By Jamie Biesiada |Oct 07
Trials are starting this week for CommonPass, a digital health screening tool that may eliminate the need for quarantines and provide confidence for governments to open borders that are now sealed by the pandemic.
It's being developed by the nonprofit Commons Project Foundation and the World Economic Forum. Thirty-seven countries, along with the CDC and Customs and U.S. Border Protection, are participating in the project.
With CommonPass, travelers would take a Covid-19 test at a certified lab, upload their results to their phones and complete any additional health-screening questions that their destination requires. CommonPass will verify the traveler has met the destination's requirements and generate a QR code that can be scanned by airlines and border officials.
Dr. Martin Cetron, director of the CDC's division of global migration and quarantine, said in a statement that the "CDC is eager to learn from the CommonPass pilot, as it could be one of the many potential tools that may one day contribute to a safe, responsible and healthy global air travel experience."
Among private companies involved is Internova (No. 7 on the Travel Weekly Power List). "A verifiable record of each passenger's Covid testing status will help restore confidence in travel," Internova Travel Group CEO J.D. O'Hara said in a statement. "Internova Travel Group is encouraging all industry groups to support this effort to open safe and secure travel lanes."
Internova's involvement began early in the process after Commons Project CEO Paul Meyer approached Certares, Internova's majority owner.

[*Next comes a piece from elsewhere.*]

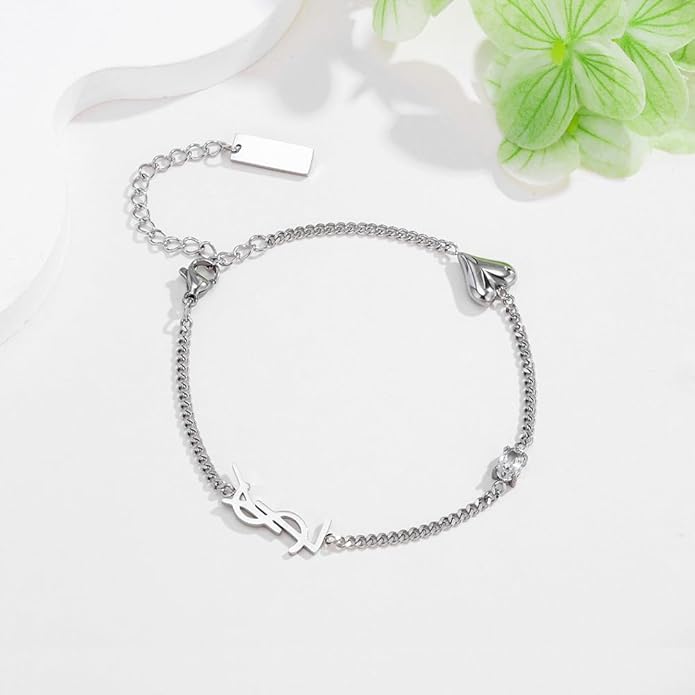 Luxury Gold bracelet for Women,18K monogram Exquisite monogram interwoven Charm Bracelet for Women Gold Jewelry Gifts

Peter Vlitas, Internova's senior vice president of airline relations, is bullish on CommonPass, seeing it as superior to unstandardized emails with test results that are typically within a PDF, which could be manipulated.
The CommonPass system will be tested this month with Cathay Pacific and United Airlines on flights between London, Newark, N.J., Hong Kong and Singapore. (An Internova employee, likely Vlitas or O'Hara, will be on United's Newark-to-Heathrow flight, Vlitas said.) If initial trials are successful, CommonPass will be rolled out to additional airlines and routes.
Although it's unclear at this point who would pay for a broader implementation, Vlitas said he imagines it would be a cost that airlines would pass on to travelers.
And looking ahead, he added, if CommonPass should be successful as a verification of tests, it could later also be used to verify whether a traveler has been vaccinated.
Ellen Goldman's Comment:
Really interesting idea. IT MUST ADDRESS THE MOST FUNDAMENTAL ISSUE WHICH IS EASY TO FIND, SCHEDULE AND ACCESS PCR TESTING WITH GUARANTEED 24 HOUR TURNAROUND. Without such testing, travel cannot hope to have a meaninful and sustained rebound.